Beyond the subsidies, many countries in Europe are restricting the types of vehicles you can use in large cities. Madrid is particularly restrictive. If you want to drive in center city there, you need an EV soon
For people who mostly use a car for road trips, maybe you need to get it that low. For the vast majority of us who mostly commute and buy groceries and visit local friends, “never need to think about fueling the car, EXCEPT on road trips” will more than make up for that.
Like having the mediocre camera on the phone meant almost everyone stopped carrying cameras. (I still have a camera, I’m the outlier on that one. But i know I’m in a small minority.)
I still miss that about my plug in hybrid. Just plug in when i garage the car and never worry, because i start every day with a “full tank”.
When I bought my PHEV, I was given the option to apply it at POS, and I did because I didn’t want to put too much down. I’m not sure how all of this will work come tax time next year, I assume I’ll get something from the dealership for my taxes.
Which reminds me! I did end up buying a PHEV. Looked at the Ford Escape and the RAV4. They had very similar MSRP’s, the RAV4 was a little pricier though. They weren’t totally comparable trims, the RAV4 is AWD and has a moon roof, but all the things I demanded in a car were in both (ACC, leather interior, app remote start, etc).
Toyota no longer qualifies for the tax credit, and I preferred the way the Ford drove (I have leased 2 Edges before this and the body of the Escape is much more pleasing to me now than it was a few years ago, it was so ugly to me before, kind of looked like a scrunched up SUV). So I did go with that one, and I’m loving it. Haven’t had to use any gas yet.
So it’s amazing how quickly others are catching up. Ford, VW, Kia, BMW all have cars with range and charging specs on par with Tesla, Chevy will once the Bolt can charge quickly and the Bolt is pretty freaking cheap.
Tesla really screwed up when they moved to solely vision-based sensors, I think. Ford and Chevy (maybe others?) have gone a slightly different direction on self-driving. They carefully mapped out highways and have enabled hands-free driving there. I can’t take my hands off the wheel in my Tesla, and that’s true even if I had bought Autopilot. I don’t know if Tesla will be able to fix it without either adding back some sensors and/or adding a camera at the front of the car’s bumper or thereabouts.

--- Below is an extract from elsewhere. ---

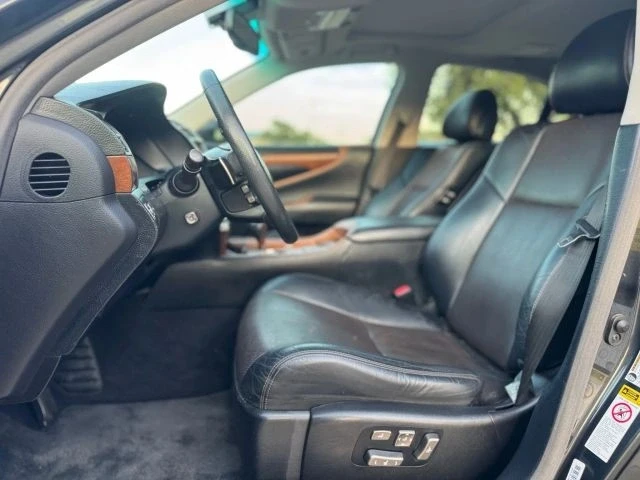 2010 Lexus LS 4th Gen - Image 15 of 21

That said, the legacy folks still have a ways to go on the tech side. Farley at Ford admitted as much - they source parts from like a hundred suppliers, and they aren’t really designed to work together, so Ford has to cobble everything together and try to make it work, whereas Tesla built everything ground up to share data across systems. It’ll take a couple more years to close the gap.
If Tesla can’t innovate like they did a decade ago they’re in trouble. The new ‘Highland’ Model 3 isn’t exactly what I’d call groundbreaking. It’s a few percent more efficient, adds a screen in the back, etc, but I find it more like a mid-cycle refresh but it’s being pitched as an all-new car.
Range numbers are BS. One shouldn’t have to decrease the numbers by 20% to reflect reality. I’d rather see a disinterested third party run tests for us (EPA has its own self-interested biases).
What about simple real-world, and not extremely bad or extremely ideal situations?
I’d also like to know where that lost energy (potential and/or kinetic) goes if not to my wheels? I mean, for an ICE vehicle, yeah, it goes right out the exhaust (kinetic), or evaporates into the air (potential).
What’s the current outlook (no pun intended)? Grid scale batteries and panels feels like a space where there will be loads of competition, and I don’t know much about that business. Residential, I don’t know how many roofs Tesla is selling but the prices are eye-watering.
I know from personal experience that the Prius gets 20% decrease during winter months (in the colder states). I assume ICE cars get some dropoff in MPG too.
I should add, judging by the number of people at service areas, that most road trips are done during the warmer months. So, having a super long range in cold weather is rarely needed.
I think that’s pretty hard. ‘Real world’ means a lot of things to a lot of people. Real world temps in Nebraska are quite different than those in Florida, and that affects range. Are we driving the speed limit in the real world, or 5mph over? 10mph? This matters a LOT as aero drag goes up with the square of speed. All highway, or mixed driving? There are loads of articles out there but it’s hard to just give one number.
Lots lost due to drag (see above, especially at higher speeds), plus heat gets created by the motors, HVAC draws some power, lighting, and then things like audio/video and other accessories drain a minor amount. Plus some heat goes to braking, the regen does most of the work but the pads scrub off the last bit.
I can envision a specific course within a specific range of temperatures at a specific time of day, a circuit so wind doesn’t affect, etc. A little uphill and downhill, not crazy, mind you, would be nice. What is important, though, is that mfr’s can’t game the course. And, any conclusion would be more of a relative thing (Car A vs Car B) than an absolute amount.
One test with AC on and one without.